Harvard University president Drew Faust said Wednesday that, upon the repeal of Don’t Ask, Don’t Tell, the school will “fully and formally” restore ROTC.
“As a further embodiment of that tradition [of service], a ROTC program open to all ought to be fully and formally present on our campus,” Faust said in an introduction for Adm. Mike Mullen, according to the Harvard Crimson.
Four Ivy League schools — Harvard, Yale, Columbia and Brown — as well as a handful of other elite universities, like Stanford, do not currently have ROTC programs on campus.
Largely Vietnam-era policies at the outset, in recent years, Don’t Ask, Don’t Tell has become the centerpiece of the universities’ opposition to on-campus ROTC programs because it conflicts with many anti-discrimination university policies.

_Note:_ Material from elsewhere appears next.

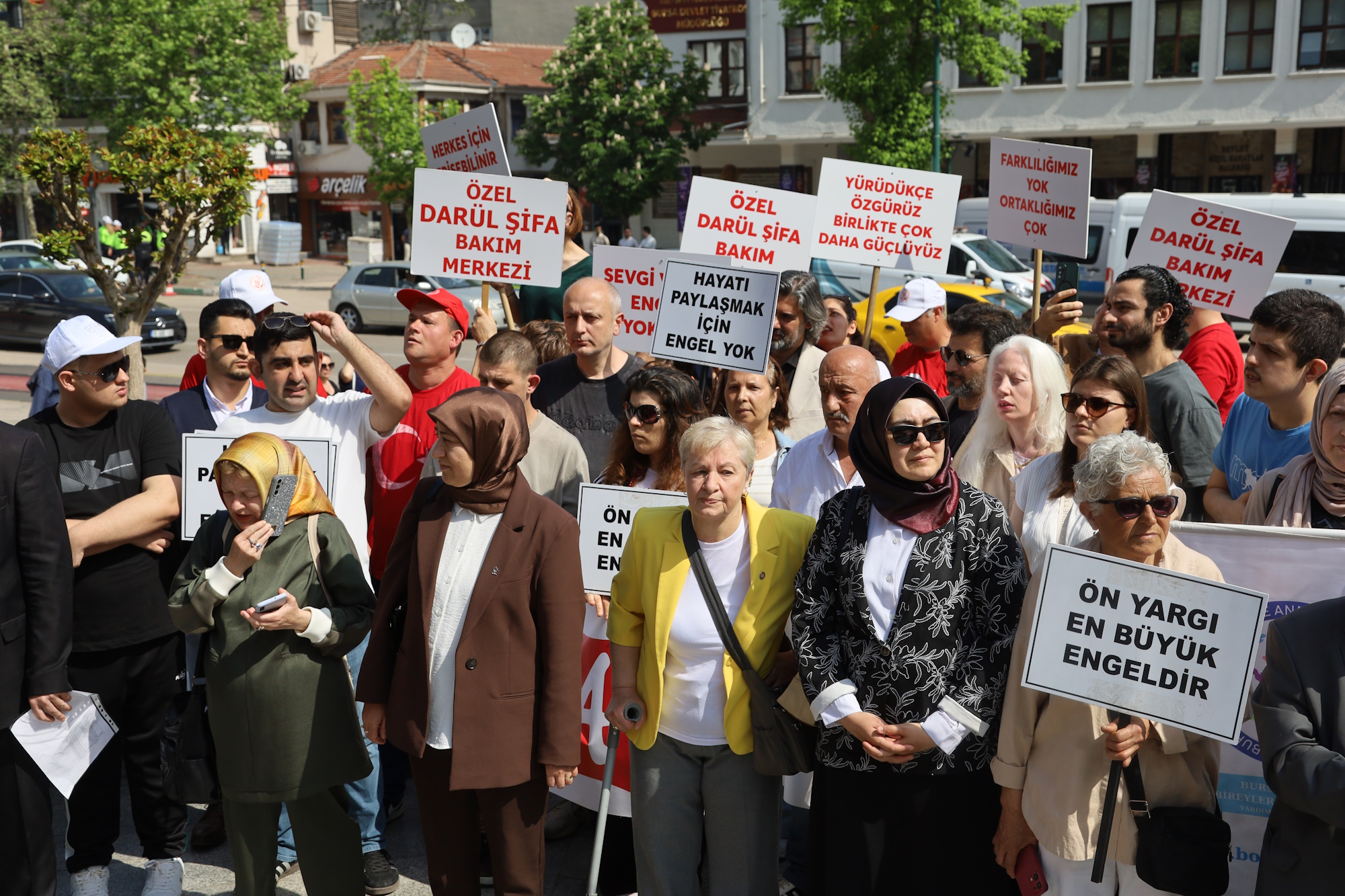 Engelsiz bir gelecek için yürüdüler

“I want to be the president of Harvard who sees the end of ‘don’t ask, don’t tell’ because I want to be able to take the steps to ensure that any and every Harvard student can make the honorable and admirable choice to commit him or herself to our nation’s defense,” Faust said at the event.

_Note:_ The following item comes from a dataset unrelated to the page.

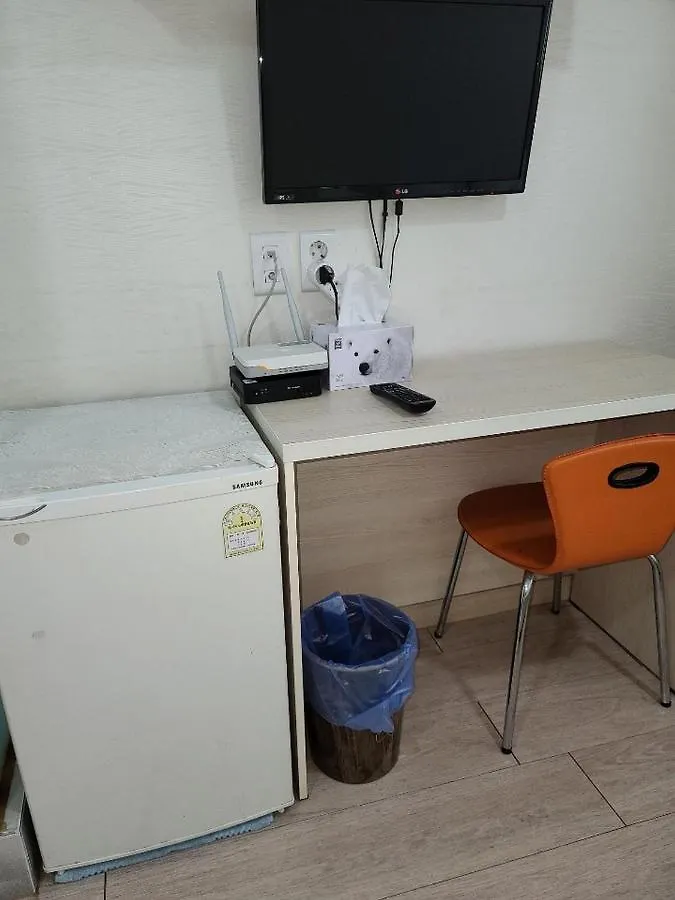 Πανσιόν Petit House Nobuko Ξενοδοχείο Σεούλ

While Faust’s remarks are consistent with the school’s official position, her firm support may set Harvard apart should DADT be repealed.
Stanford’s administration has been non-committal about ROTC on campus (and a student debate is already raging there). Columbia’s position is unchanged on the matter beyond a 2008 statement by President Lee Bollinger, which discusses DADT, but also financial resources and academic concerns.
“It is by no means clear that the military services want to return,” said Allan Silver in September, a professor emeritus of sociology at Columbia. Silver was one of 20 professors who signed a petition to bring ROTC back to the school.
“They have budgetary problems, especially with the high cost of ROTC fellowships at Ivy institutions,” he said. “Some in the services nurse grudges from the Vietnam period and are culturally more comfortable elsewhere.”
Faust, however, has been an advocate for ROTC in the past.
At an ROTC commissioning ceremony in 2008, she told graduates, “I celebrate you on this important day…I wish there were more of you.”
“She is outstanding in her advocacy for ROTC — more so, to my knowledge, than any Ivy league president,” Silver said. “It does not lie within presidents’ powers to institute ROTC programs, as this requires the approval of faculty.”
In 1994 the Harvard Faculty voted that the university’s policy of forbidding discrimination by student groups forbid it from allowing ROTC on campus. ROTC protocol requires the discharge of openly gay, lesbian and bisexual students, violating Harvard’s anti-discrimination policy.